3.  Can you share with us one of your favorite Christmas memories?

My husband had a torn retina a few years ago. It required surgery, and then several days lying horizontal, and then when he was up and about still no driving. So I took him to see Christmas lights. I look at Christmas lights at the same speed I go through a museum–rather quickly. We were zip zipping around the lighted neighborhoods in our town, when Bob finally admitted he was getting dizzy. Oh we laughed about that, and I slowed down a little. But it’s a good reminder of my need to enjoy the moment a little more, especially at Christmas time. 

4.  What can we look forward to reading from you next?

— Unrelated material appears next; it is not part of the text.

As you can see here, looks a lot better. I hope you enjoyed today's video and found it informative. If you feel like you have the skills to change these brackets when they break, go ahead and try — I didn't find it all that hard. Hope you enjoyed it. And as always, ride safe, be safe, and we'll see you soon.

I actually have two books releasing in March. Murder Simply Brewed is book one in my new Amish mystery series and will be set in Middlebury, Indiana.  Where Healing Blooms is part of a novel collection, An Amish Garden. You can view both of these on my Amazon page at

As a special treat, Vannetta has shared a character post with us.  The following is an interview with Annie Weaver Yoder. 

1. What is the most interesting things about you?   Some might say that the most interesting thing about me is that I’m a nurse, and I’m Amish. Those two things don’t usually go together – but I earned my high school equivalency and nursing certification while I was living with my aunt. I suppose you’d say I was on my rumspringa then. Actually, I was just following my heart, and soon my heart led me home. I think the most interesting thing about me is that I’m surrounded by a loving family, including my  husband, Samuel.  

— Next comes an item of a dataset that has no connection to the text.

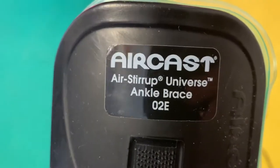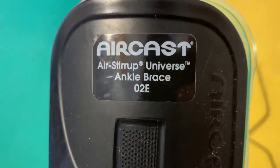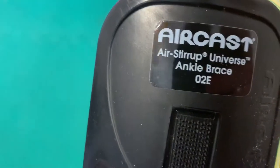Now this is the exact kind that I have. It's Aircast Air Stirrup Universe ankle brace, O2E — or 0-2E maybe, I don't know. And you need to know how to put this on if you ever injure your ankle.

2. What do you do for fun?   I love to quilt! I’m not the best quilter in my family—that would be my mamm. I love to do it though, and when I’m not helping Samuel with his patients, cooking, or cleaning then I am quilting. Right now I’m working on a nine patch crib quilt for my brother’s wife, Leah.

3. What do you put off because you dread it?   I will admit that I dread going to visit Rachel, Samuel’s sister-in-law. She is a sad, bitter woman and try as I might we’ve yet to become friends. When I’m with her, I’m at a loss for what to say, and when I leave, I wish that I could have thought of some way to brighten the situation.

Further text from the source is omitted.